*Exercise requirements*
Only the lines from the one containing "shin kurosagi - con diệc đen 2 chapter 59 15" through the last line of the data below belong in your answer, copied exactly and without pictures.

*Supplied information*
*** Begin section ***
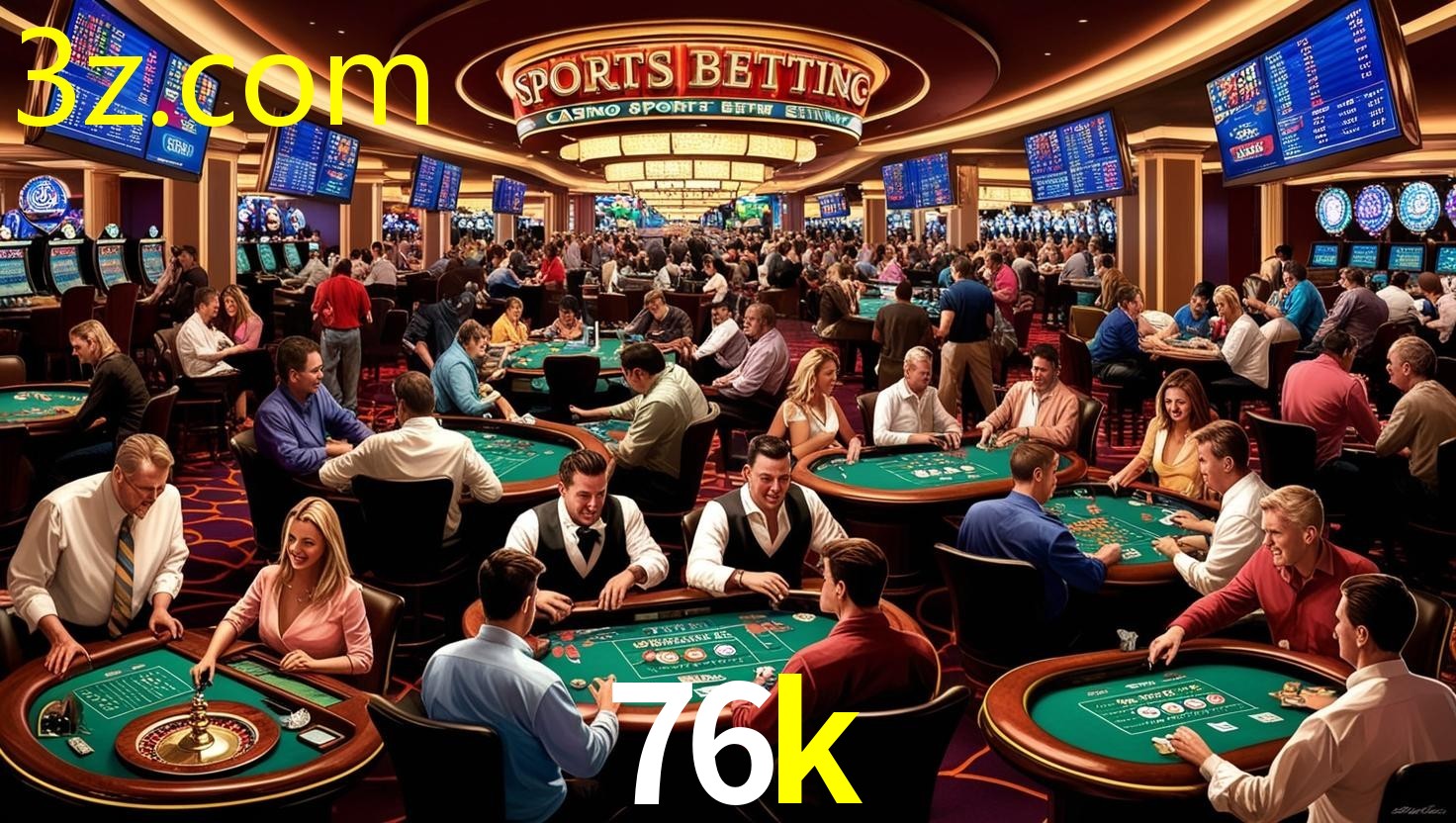 Fortune Tiger Slot no Site 76K.COM
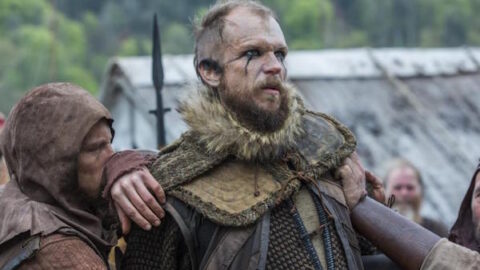 vikings 1 1 Vikings 5ª temporada: Floki enfrenta reviravolta inesperada na Islândia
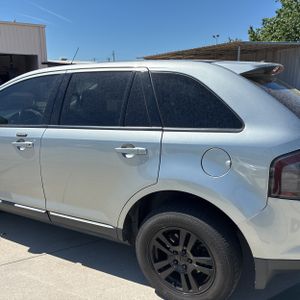 FORD EDGE SEL PLUS - 6
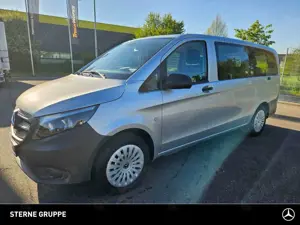 Mercedes-Benz Vito Vito 116 Tourer PRO Lang STANDHEIZ AHK 8-SITZER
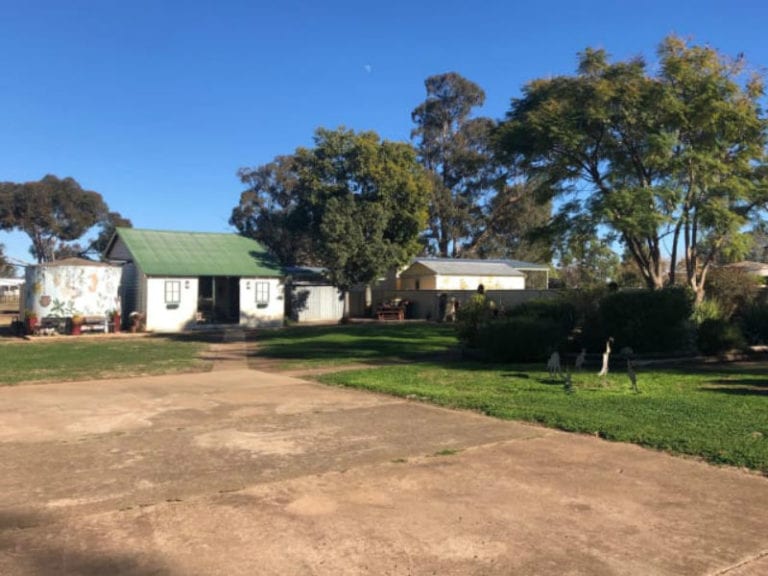 Old Baan Baa 768x576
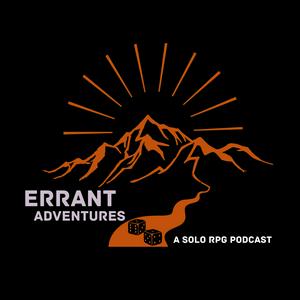 Écoutez Errant Adventures dans l'application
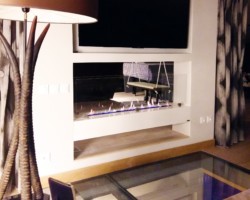 <strong>FRANKREICH </strong><br />
PRIVATE RESIDENZ (MASSGEFERTIGT)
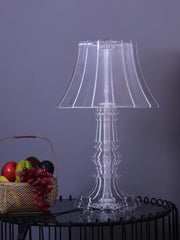 Josephine Table & Floor Lamp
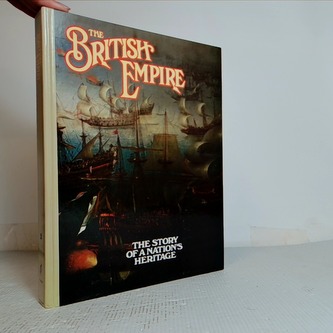 The British Empire 2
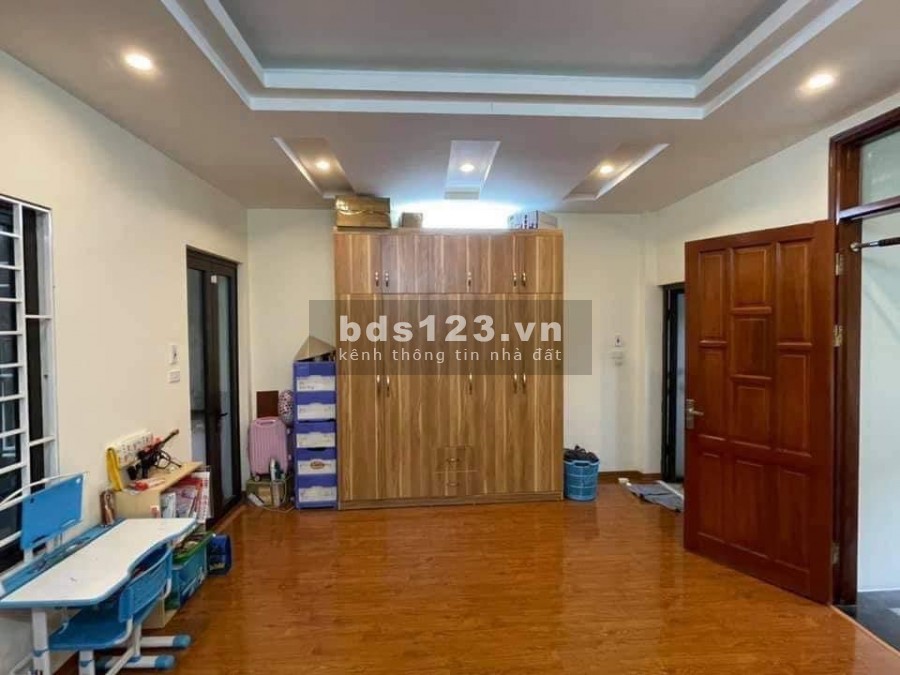 BÁN NHÀ KHU VỰC NHẬT TÂN 5T 40M2 VIEW ĐẸP NHÀ SIÊU HIẾM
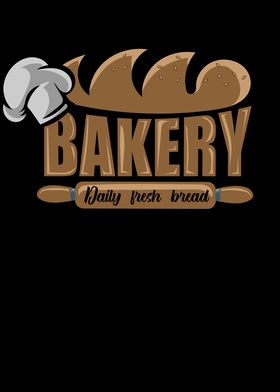 Baker Design Baking Bread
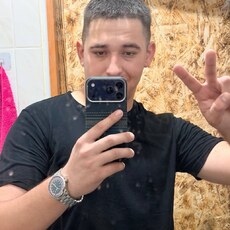 Фотография мужчины Артур, 22 года из г. Ровеньки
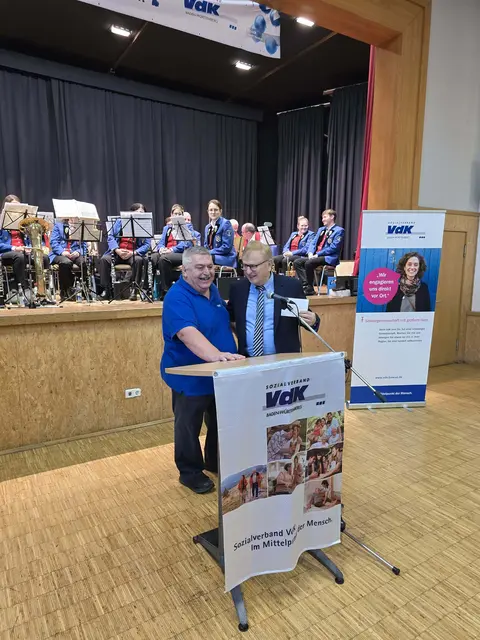 Foto: VdK Ortsverband Dörzbach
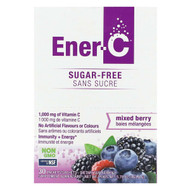 <img alt="Ener-C, Bubbly Multivitamin Drink Mix, Mixed Berry, 30 Packets, 0.2 oz (5.46 g) Each" title="Ener-C, Bubbly Multivitamin Drink Mix, Mixed Berry, 30 Packets, 0.2 oz (5.46 g) Each,873024001328"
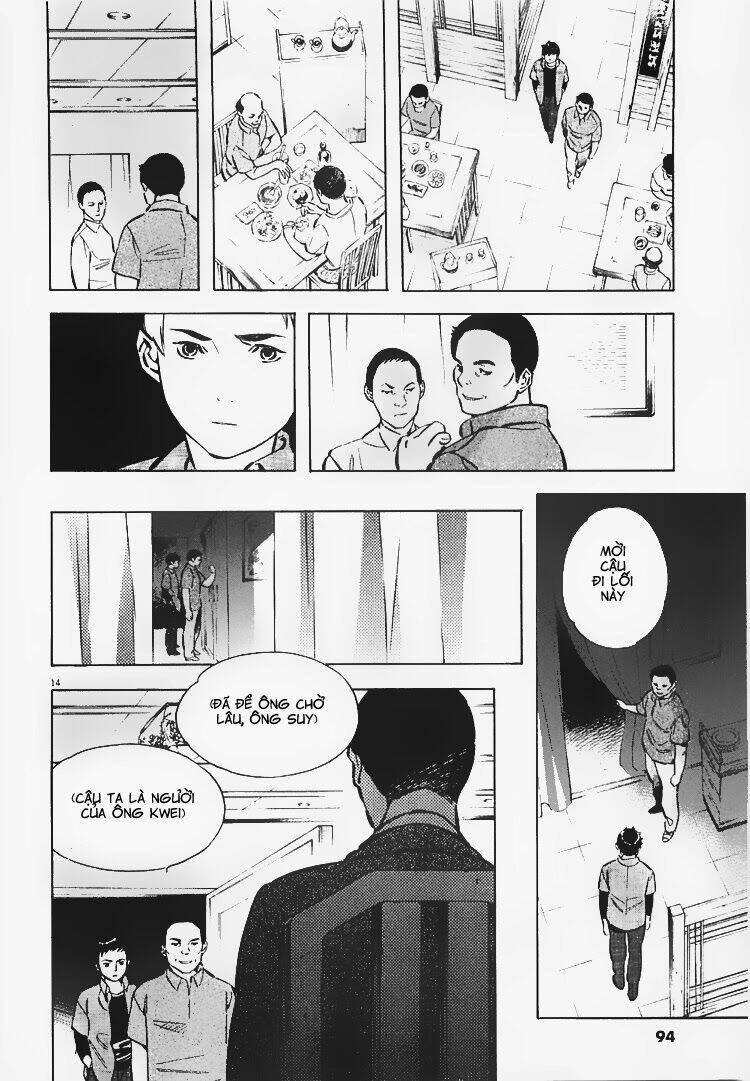 shin kurosagi - con diệc đen 2 chapter 59 15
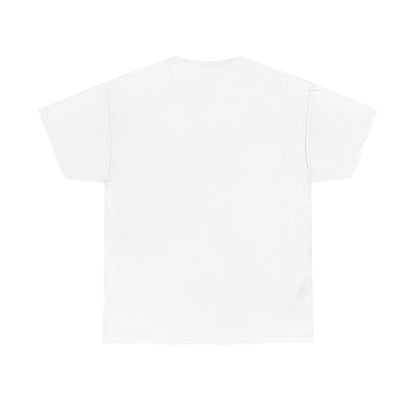 ZULU 29.92 Aviate Your Journey Shirt - Unisex Heavy Cotton Tee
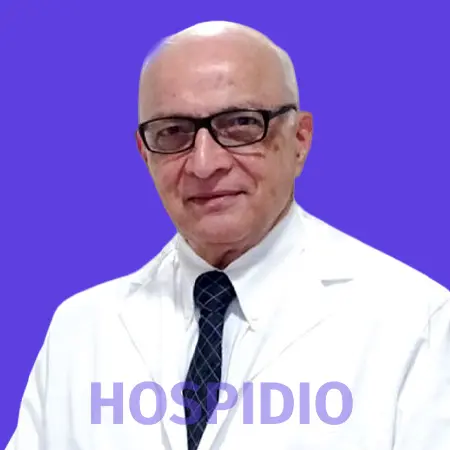 Dr. Rajesh Ahlawat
*** End section ***
*Task output*
 shin kurosagi - con diệc đen 2 chapter 59 15
 ZULU 29.92 Aviate Your Journey Shirt - Unisex Heavy Cotton Tee
 Dr. Rajesh Ahlawat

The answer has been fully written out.